Hard to say, in the 2.5 original i also have this kind of issue (but much much more often, but not sure it's the same). I try too little time the beta release between to 2.5 original and the 2.5 version 2630 to say with don't have this issue.
what i can say is that this issue in the 2630 don't appear so often as in the 2.5 original (but on the other way the FB 2.5 original crash close to every days and the 26230 never crash so hard to know) i don't know, if you want i can try to attach a debuger on the fb_inet_server.exe to see what's happen ? I forget, just say me if i can kill the "frozen" clients or if you need them to do some tests ...
the same error again ....
today the behavior is little different one client was running several day with 2 connections on the FB server 1 waiting some EVENT; 1 doing some queries; yesterday the client become frozen. when i look in the $mon table in the server side i see only the EVENT connection. so it's mean that the client was disconnected (but why? as the event is still connected it's not look like a network problem) but the client not detect it and continue to wait undefinitivelly the answer of the server this bug become very important because it's block all the time our application :( do you think i can take a newer version than the FB 26230 ? today a little different,
i have on the server Thu Mar 24 11:07:35 2011 INET/inet_error: read errno = 10054 and on the client Unable to complete network request to host "xxx". Error reading data from the connection. Unsuccessful execution caused by a system error that precludes successful execution of subsequent statements Error Code: 401 BUT i have several other application connecting to the FB server on the same client machine that are still working correctly ! this error (10054 = A connection was forcibly closed by a peer.) look like morea bug than a network problem What the status of this bug ? it's appear in average one time a week but it's very strong because when it's happen it's "froze" the client Application :(
more info (probably it's repeat but can not be bad in case i forget something) : We have one client application that run at full time in background.
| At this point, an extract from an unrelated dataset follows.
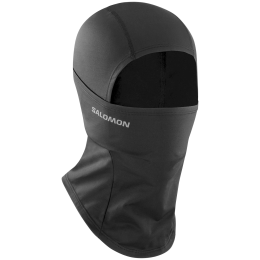 Pasamontañas Salomon Absolute Balaclava negro DEEP BLACK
This client open 2 connections on the database, one for query and one for select/update Every second this client application do a query on the database (select + insert/update). so the connection is never "idle" more than 1 second. but after days of work (1, 2, 7, etc..) then the connection freeze waiting the answer of the server that never arrive. on the server side (when it's freeze), i can only see (in the $MON table) the connection of the EVENT, but not the second connection that do Select/update. The $Mon table say that the connection of the event it's open from the 3/29/2011 in the log of the client application i see that the second connection is frozen from the 04-04-11 14:43:19 in the Server side, in the firebird.log i can see this : FBSERVER Mon Apr 04 14:43:48 2011 INET/inet_error: read errno = 10054 any idea ? did need to update the current version of the FBServer and FB client DLL ? actually client = legacy 2.5 and server = FB 26230 Different solutions are being tested on the customer site who has it more or less reproducible. I will report here as soon as we have something concrete found.
thanks dmitry, as soon you have something, you can come also to me to test it ...
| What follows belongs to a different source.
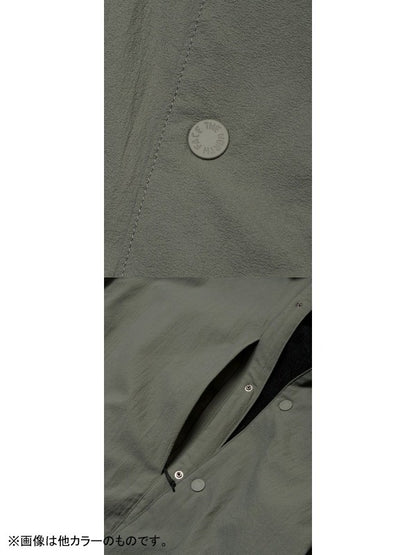 October Mid Shirt #PO [NR62301]｜THE NORTH FACE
The fix is committed (into v2.5 source tree), please try the next snapshot build
thanks Vlad !
but in the meantime Dmitry send me 3 differents versions to test. I actually test them now, and the 1rt version still have the bug, i m actually testing the second... did i meed to stop my test and use instead the next snapshot build ? stephane The issue should be resolved in the snapshot build, so it's worth trying it now. If it still locks up, you can return to my builds :-)
bad new, unfortunatly it's seam to not be resolved, i just have now a client that is waiting for already 2 hours the answer of the server and by this way enter in a "frozen" state :( on the server side i can see one EVENT connection with the client, but no any other connection (i look in the $Mon table).
on the server i just have something like this at the time the client start to wait the server answer : Mon Apr 25 17:04:25 2011 INET/inet_error: read errno = 10054 FB version 26263 ... any idea ? i confirm, now 24 hours passed the the client is still frozen :(
What do you mean by the "EVENT connection"? Do you set up a separate connection to wait for events and this connection is not used for any client queries?
at the begining, when the client is launch 2 connections are open to the server :
1 Event connection to listen to any database server event (mostly not used, not too much event are raised) ; 1 Query connection to select, update, etc... ; here we see that the query connection is lost (not present anymore in the $Mon table) BUT the Event connection is still show in the $mon table and still aleave ! this mostly show that the probleme look like not a "hardware network" probleme. it's not really hard to reproduce this bug (on our database), it's appear after 1/2 days of running if you want i can make a dump of the client to know what he is waiting for ? I'm not sure the dump would tell us something useful, but if it's possible for you then please proceed and send it to me by email (or make available for download and send me the link).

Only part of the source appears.